> **What you need to do**
Copy exactly, no pictures: every line from the one that contains "Used 2019 Ford" through the end of the entries below.

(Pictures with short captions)
⁂
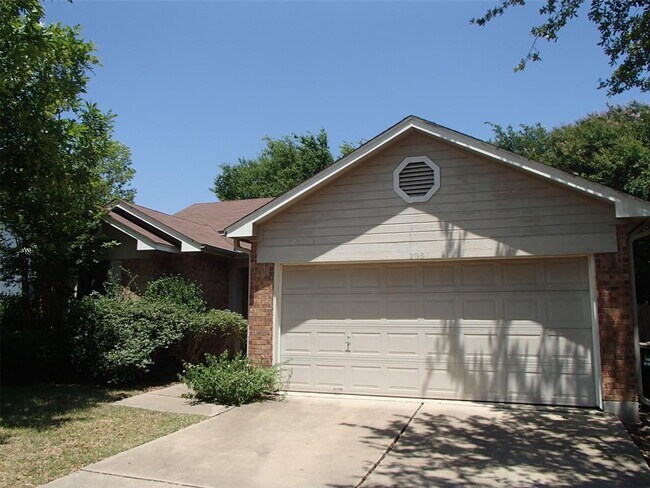 Building Photo - 208 Juniper Dr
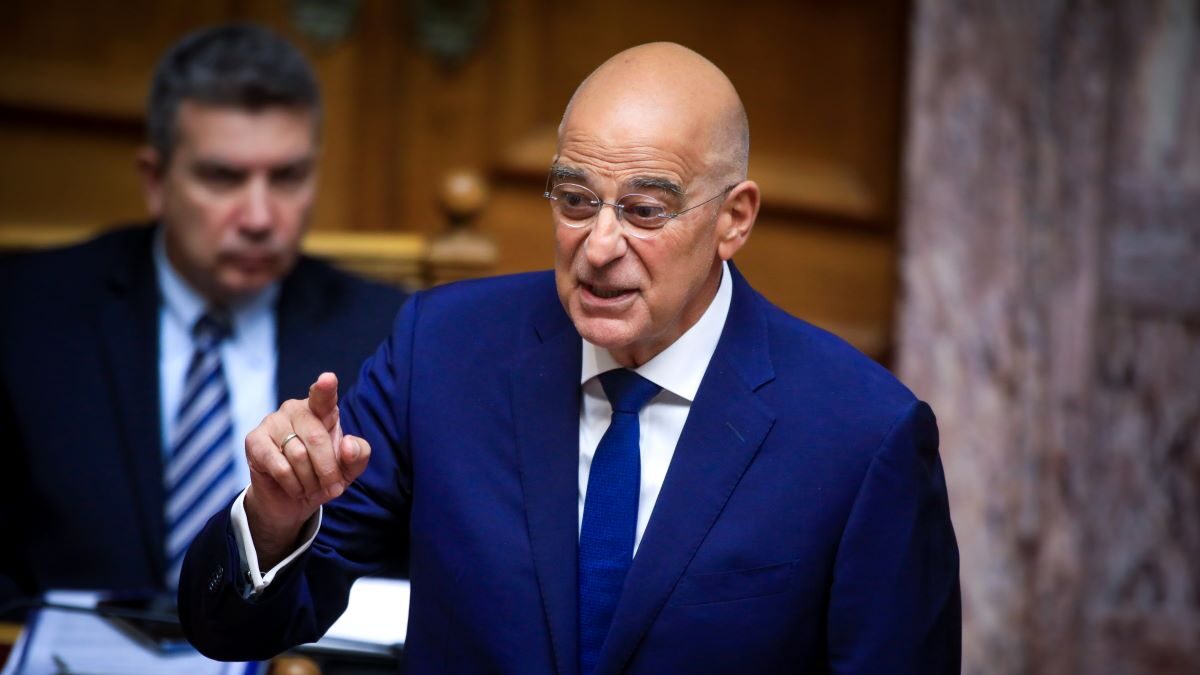 Ο Νίκος Δένδιας στη Βουλή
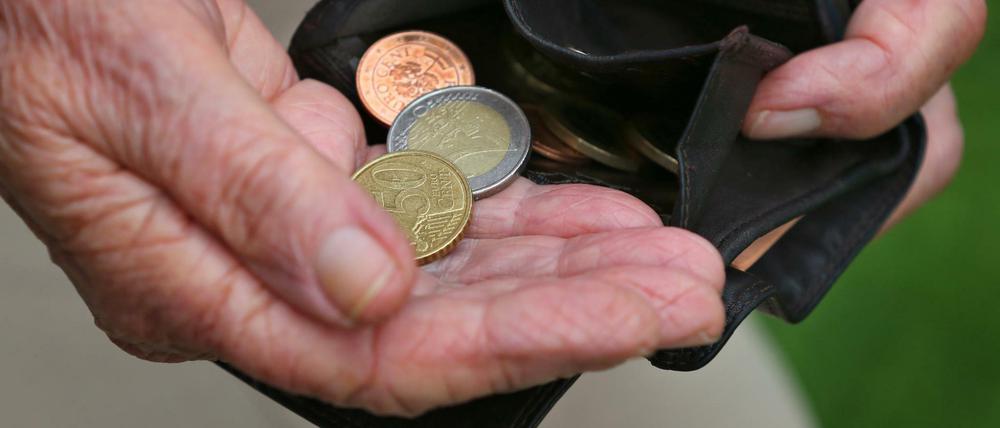 Geringverdiener haben auch als Rentner wenig. Mit einer Rentenreform will die Koalition ihre Situation verbessern.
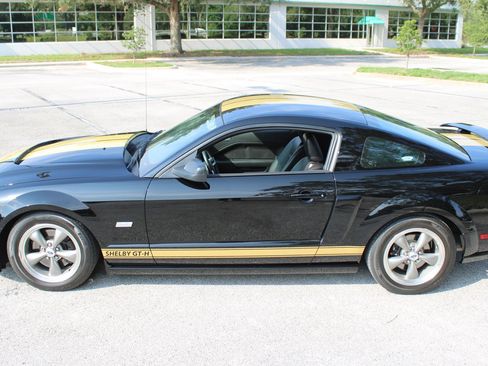 Used 2006 Ford Mustang GT RWD image 10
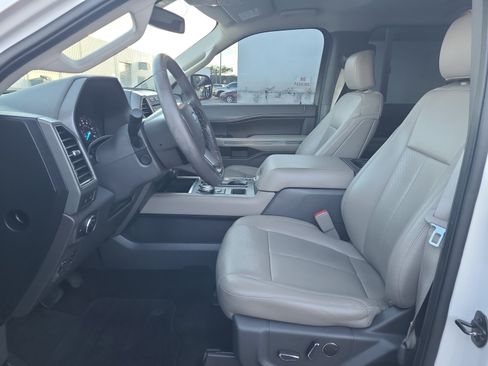 Used 2019 Ford Expedition XLT w/ Equipment Group 202A RWD image 12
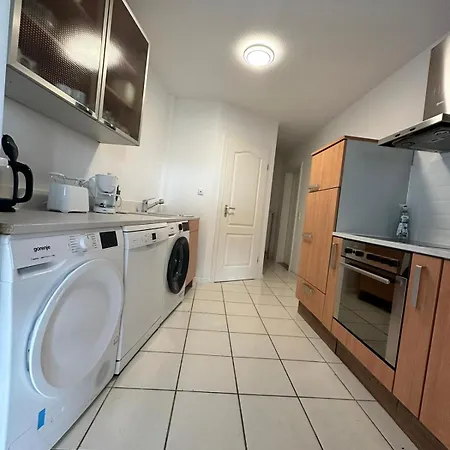Apartment Monteurwohnung Stuhr-brinkum Mit Perfekter Anbindung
⁂
> **Task solution**
 Used 2019 Ford Expedition XLT w/ Equipment Group 202A RWD image 12
Apartment Monteurwohnung Stuhr-brinkum Mit Perfekter Anbindung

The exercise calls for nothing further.